Description
If I understand the current behavior of bcftools annotate
correctly, records in the input VCF are matched to records in the annotation file based on POS, REF, and ALT in cases where the annotation file is a VCF, or if it's a tab-delimited file and REF and ALT are specified in -c
.
When dealing with VCFs representing structural variants, we sometimes have records that represent different variants but have the same position and alternate allele. This is because use symbolic ALT alleles, which don't alwasy fully specify the variant. For example, we may have detected an deletion with two different tools that have the same start position but different end positions. Both records will have <DEL>
as their alt allele despite representing different variants. If we've prepared data with which we'd like to annotate each variant, this leaves us unable to do so with bcftools annotate
under the current matching scheme. For example, if in the VCF we have these two records:
chr1 100000 VID1 A <DUP> . PASS END=200000
chr1 100000 VID2 A <DUP> . PASS END=300000
And we'd like to annotate VID1 and VID2 with different values, there doesn't seem to be a way to do so with the current matching rules of bcftools annotate
; ie if we have the annotation file:
chr1 100000 A <DUP> 1
chr1 100000 A <DUP> 2
and try to annotate with bcftools annotate -a annotations.tsv.gz -c CHROM,POS,REF,ALT,INFO/VAL input_vcf.gz
, we get the output vcf:
chr1 100000 VID1 A <DUP> . PASS END=200000;VAL=1
chr1 100000 VID2 A <DUP> . PASS END=300000;VAL=1
If we add ID to the annotation file and include it in the column list, ID will get overwritten by the ID of the first matching variant by CHR,POS,REF,ALT.
I was wondering if either there is some way to accomplish our desired annotation in the current functionality of bcftools, and if not, if it would be possible to add it as a new feature.

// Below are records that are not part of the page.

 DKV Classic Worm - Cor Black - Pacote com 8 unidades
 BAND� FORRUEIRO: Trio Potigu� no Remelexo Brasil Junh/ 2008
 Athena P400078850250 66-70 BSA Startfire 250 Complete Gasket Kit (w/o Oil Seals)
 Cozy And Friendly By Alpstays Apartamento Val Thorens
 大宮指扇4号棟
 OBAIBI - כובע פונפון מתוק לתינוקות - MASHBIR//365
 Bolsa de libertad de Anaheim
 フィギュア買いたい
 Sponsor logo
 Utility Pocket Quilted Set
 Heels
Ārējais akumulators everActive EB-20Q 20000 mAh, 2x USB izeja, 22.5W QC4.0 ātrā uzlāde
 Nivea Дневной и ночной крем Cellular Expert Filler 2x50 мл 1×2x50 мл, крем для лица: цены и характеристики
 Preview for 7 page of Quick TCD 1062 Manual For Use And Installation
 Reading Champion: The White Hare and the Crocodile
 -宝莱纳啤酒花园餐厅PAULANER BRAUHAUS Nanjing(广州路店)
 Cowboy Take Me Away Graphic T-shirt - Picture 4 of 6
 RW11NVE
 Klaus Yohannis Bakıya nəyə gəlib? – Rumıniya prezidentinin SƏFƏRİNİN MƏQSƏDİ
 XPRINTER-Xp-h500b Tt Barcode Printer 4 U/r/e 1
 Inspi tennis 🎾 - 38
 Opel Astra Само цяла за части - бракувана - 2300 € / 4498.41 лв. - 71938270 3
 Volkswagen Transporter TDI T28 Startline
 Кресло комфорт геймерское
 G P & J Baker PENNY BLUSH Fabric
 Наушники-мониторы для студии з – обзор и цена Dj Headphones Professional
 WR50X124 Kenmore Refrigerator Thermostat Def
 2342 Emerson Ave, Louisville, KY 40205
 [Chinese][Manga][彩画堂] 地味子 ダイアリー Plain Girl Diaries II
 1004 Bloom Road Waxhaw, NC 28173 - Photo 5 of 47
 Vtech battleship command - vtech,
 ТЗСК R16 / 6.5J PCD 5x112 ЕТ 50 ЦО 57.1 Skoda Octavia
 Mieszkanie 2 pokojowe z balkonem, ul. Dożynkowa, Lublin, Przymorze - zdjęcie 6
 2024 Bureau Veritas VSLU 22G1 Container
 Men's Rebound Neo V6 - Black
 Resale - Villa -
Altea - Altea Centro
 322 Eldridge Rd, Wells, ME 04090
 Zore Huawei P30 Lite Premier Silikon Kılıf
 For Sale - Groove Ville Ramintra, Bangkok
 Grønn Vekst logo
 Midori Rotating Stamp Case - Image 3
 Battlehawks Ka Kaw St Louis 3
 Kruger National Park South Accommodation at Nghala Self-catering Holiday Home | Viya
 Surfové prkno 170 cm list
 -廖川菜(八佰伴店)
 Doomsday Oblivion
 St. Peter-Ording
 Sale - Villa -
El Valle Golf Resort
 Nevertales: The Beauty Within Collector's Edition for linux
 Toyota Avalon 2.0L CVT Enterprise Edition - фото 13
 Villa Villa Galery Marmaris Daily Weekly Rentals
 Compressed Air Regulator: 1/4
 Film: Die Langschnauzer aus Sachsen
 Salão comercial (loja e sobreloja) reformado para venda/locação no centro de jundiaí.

I could see the latter being accomplished either by an option that would allow the user to specify ID as a column in the annotation file which should be used for matching records, or by adding a matching rule to -l
that would do something like match the nth duplicate record at a given position to the nth duplicate annotation value (although I imagine the latter option might get tricky to implement).